Entries below include pictures. Output exactly the lines from the one with "Fotografija recepta: Jogurtov" down to the one with "国际通商学 留学生学 习辅导活动", both ends included, and leave the pictures out.

▸ Records for this task
----

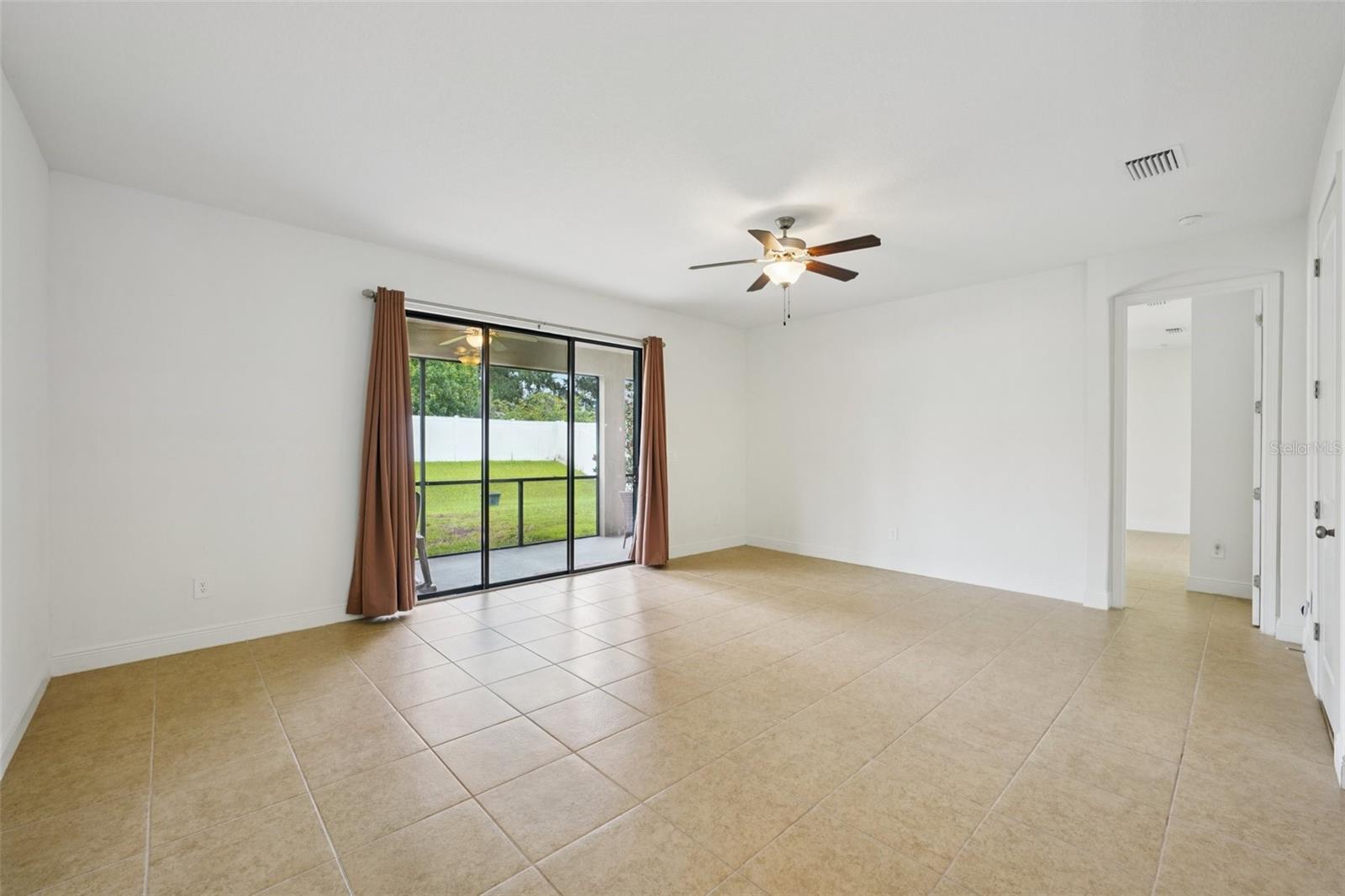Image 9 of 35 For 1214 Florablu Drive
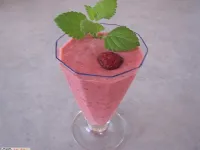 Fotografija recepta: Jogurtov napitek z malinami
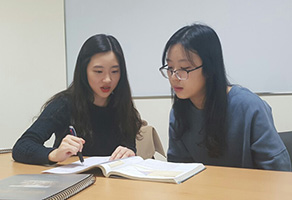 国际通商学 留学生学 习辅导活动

----

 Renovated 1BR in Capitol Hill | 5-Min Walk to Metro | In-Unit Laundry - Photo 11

----

▸ Your solution
 Fotografija recepta: Jogurtov napitek z malinami
 国际通商学 留学生学 习辅导活动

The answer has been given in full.